- Data for review -

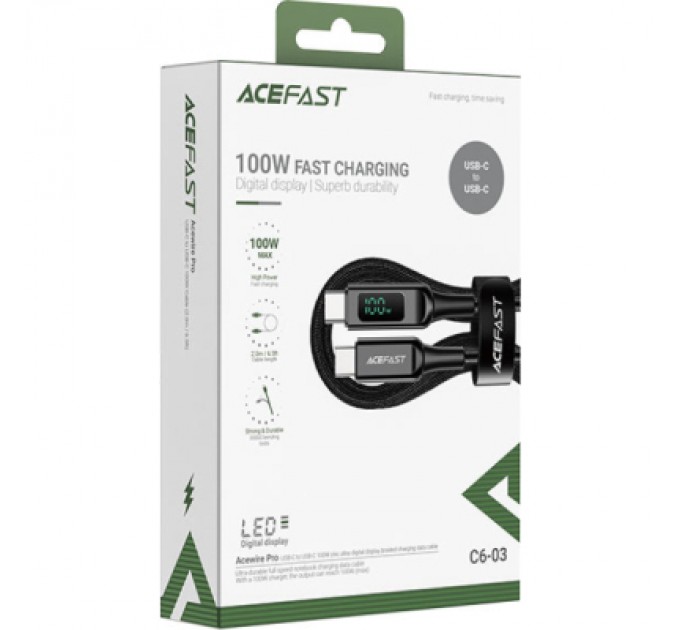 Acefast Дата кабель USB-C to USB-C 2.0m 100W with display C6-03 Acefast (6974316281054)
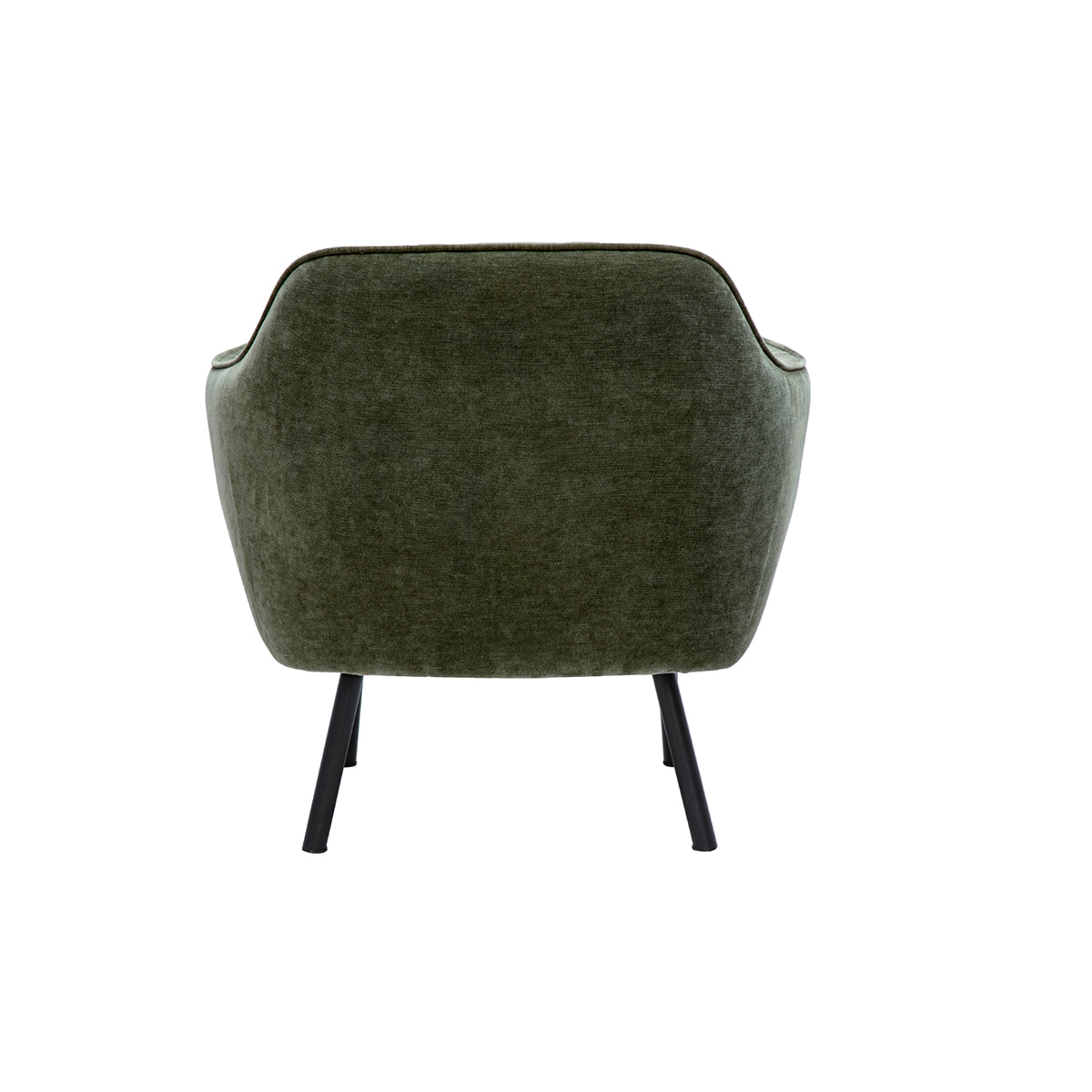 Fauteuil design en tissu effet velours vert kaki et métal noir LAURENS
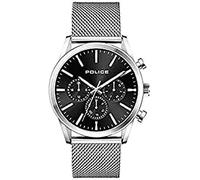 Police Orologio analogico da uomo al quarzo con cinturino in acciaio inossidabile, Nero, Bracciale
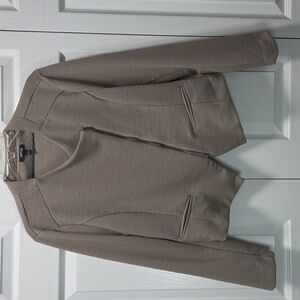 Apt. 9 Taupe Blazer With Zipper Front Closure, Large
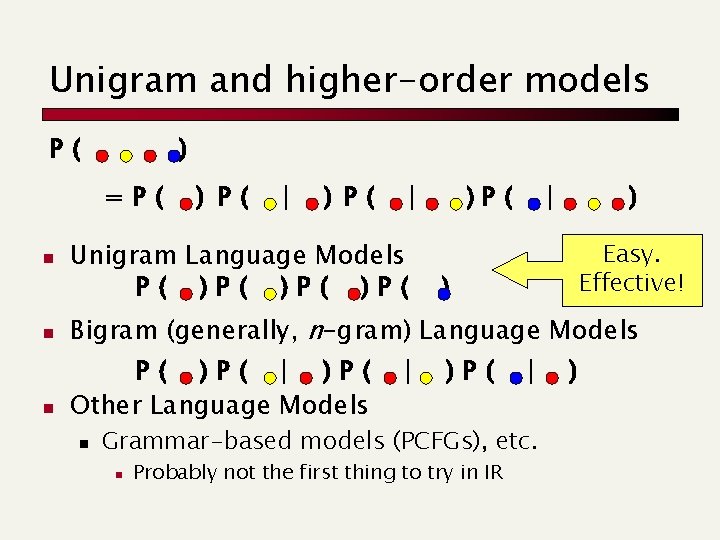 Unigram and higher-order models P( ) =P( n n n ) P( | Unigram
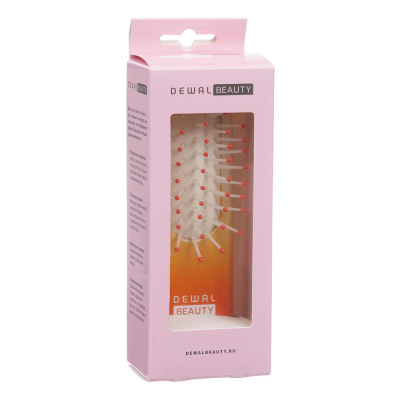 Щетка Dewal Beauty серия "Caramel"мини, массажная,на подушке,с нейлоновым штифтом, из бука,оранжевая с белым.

- Exercise requirements -
Render all entries verbatim, excluding any pictures they hold.

- Response for this exercise -
 Acefast Дата кабель USB-C to USB-C 2.0m 100W with display C6-03 Acefast (6974316281054)
 Fauteuil design en tissu effet velours vert kaki et métal noir LAURENS
 Police Orologio analogico da uomo al quarzo con cinturino in acciaio inossidabile, Nero, Bracciale
 Apt. 9 Taupe Blazer With Zipper Front Closure, Large
 Unigram and higher-order models P( ) =P( n n n ) P( | Unigram
 Щетка Dewal Beauty серия "Caramel"мини, массажная,на подушке,с нейлоновым штифтом, из бука,оранжевая с белым.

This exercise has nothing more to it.